All nonderivative source code files published on this website should be clearly labelled with a license at the top. In most cases, that will be the CC0 1.0 Universal (CC0 1.0) Public Domain Dedication license: You can copy, modify, distribute and perform the work, even for commercial purposes, all without asking permission.
Derivative works retain their original license.
The latest and greatest Xmas Demo! Contains source code that should compile for both Windows and Linux. It runs in 60 fps on the NVidia Jetson AGX Xavier: Use the tricks mentioned in the article.
A respin of the 2017 Xmas Demo. Full source code that should compile for both Windows and Linux. We replaced the fonts, the graphics, the music, and fixed a busload of bugs. Shaders no longer NVidia only. Tested on a couple of AMD cards.

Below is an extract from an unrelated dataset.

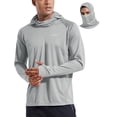 thumbnail image 1 of BALEAF Men's Sun Protection Hoodie Shirt UPF 50+ Long Sleeve UV SPF T-Shirts with Mask Rash Guard Fishing Lightweight Gray Size S, 1 of 6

Generator for the video Dreamscape: The Missing Scene. The supplied video file has to be converted to raw YUV444. FFmpeg can do that.
Originally released at The Gathering 1994. I recovered the source in 2020 and fixed an old timing bug, so it should run smoothly now. On an Amiga 1200 or 4000, of course.
This work was done in 2013 but wasn't released until 2018. Old ARM code added in 2019. I'm pretty certain that the method used is unique: Fit 8 lines in L1 cache and transpose in place to make the horizontal pass simpler. The ARM Neon assembler version is written as inline assembler. It wasn't a stellar idea. I spent some time deciding how to stack the instructions. Didn't seem to matter on the TX1.
Generator for the video Quaternion HQ Tech Demo. It's the old Julia quaternion code ported to straight C, a couple of bugs fixed, and quality turned up to 11. Windows multi-threaded: Each thread renders 16x16 blocks using fetchadd(). Probably trivial to port to Linux. It outputs jpg files using libjpeg-turbo, so not real-time at all. It's a generator.
Generator for the videos Superhero and Wobblerne 2. YUV dump from the VHS tape not included. It's quite large, around 30 GB. Contact me if you want a copy.
Generator for the video Dreamscape & Eclipse: The Final Cut. The supplied video files have to be converted to raw YUV444. FFmpeg can do that.
A fast AVX2 Bayer to I420 routine. It cuts a lot of corners, literally.
Several dubious GLSL optimization techniques are used to make this demo run in 60 fps on the TX2 256-core GPU. If you're looking for precise math, look elsewhere. Close enough will have to do on that GPU! Everything should fly by in 60 fps. Most of it is based on GPU code found on Shadertoy.
I looked at assorted binary fixed point libraries available on the internet. They sucked. The TILE-Gx multicore CPU has some floating-point support, so I combine those with some classic optimizations from Doom. I use the parallelization library from 2014 that uses the internal network for blisteringly fast communication between the cores.
I once attended a course about writing code for GPUs. They guy had no clue about how GPUs work. This crap runs fast as hell, by exploiting the fact that the CPU can predict how things are gonna execute.
A fast way to calculate 2x4 atan2() values using ARM Neon. Also, the name is hilarious.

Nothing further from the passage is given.